The onslaught of unstructured digital content -- video, audio and images -- is taxing storage systems and creating the need to be able to store multi-petabytes, but current industry practices using RAID and replication to accomplish data protection are expensive at this scale.
Dispersal, a new approach, is cost effective for petabytes of digital content storage. Further, it provides extraordinary data protection, meaning digital assets will not be lost. Executives who make a strategic shift from RAID to dispersal can realize significant cost savings for enterprises with at least 50TB under management.
RAID schemes are based on parity and, at its root, if more than two drives fail simultaneously, data is not recoverable. The statistical likelihood of multiple drive failures has not been an issue in the past. However, as systems grow to hundreds of terabytes and petabytes, the likelihood of multiple drive failure is a reality.
Further, drives aren't perfect, and typical SATA drives have a published bit rate error (BRE) of 1014, meaning once every 100,000,000,000,000 bits, there will be a bit that is unrecoverable. Doesn't seem significant? In today's larger storage systems, it is.

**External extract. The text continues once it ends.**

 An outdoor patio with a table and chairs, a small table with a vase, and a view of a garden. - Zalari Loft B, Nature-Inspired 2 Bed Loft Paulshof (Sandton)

Unfortunately, the likelihood of having one drive fail, and encountering a BRE when rebuilding from the remaining RAID set is highly probable. To put this into perspective, when reading 10 terabytes, the probability of an unreadable bit is likely (at 56%), and when reading 100TB it is nearly certain (at 99.97%).
As a result, enterprises address the data protection shortcomings of RAID by using replication, the technique of making additional copies of data to avoid unrecoverable errors and lost data. However, those copies add additional costs, typically 133% or more additional storage is needed for each additional copy, after including the overhead associated with a typical RAID 6 configuration.
Organizations also use replication to help with failure scenarios, such as a location failure, power outages, bandwidth unavailability and so forth. Having seamless access to data is key to keeping businesses running and profitable.
Executives should realize their storage approach has failed once they are replicating data three times, as it is clear that the replication band-aid is no longer solving the underlying problem associated with using RAID for data protection.
Dispersal can help organizations significantly reduce storage costs, reduce power consumption and the footprint of storage,
as well as streamline IT management processes.
Here's how it works. Information Dispersal Algorithms (IDAs) separate data into unrecognizable slices of information, which
are then distributed -- or dispersed -- by the dispersed storage protocol to disparate storage locations. These locations
can be situated in the same city, the same region, the same country or around the world.
The dispersed storage protocol handles all of the slicing and reconstitution transparently, so users are presented with standard storage interfaces. The time to reconstitute data depends on the speed of the network.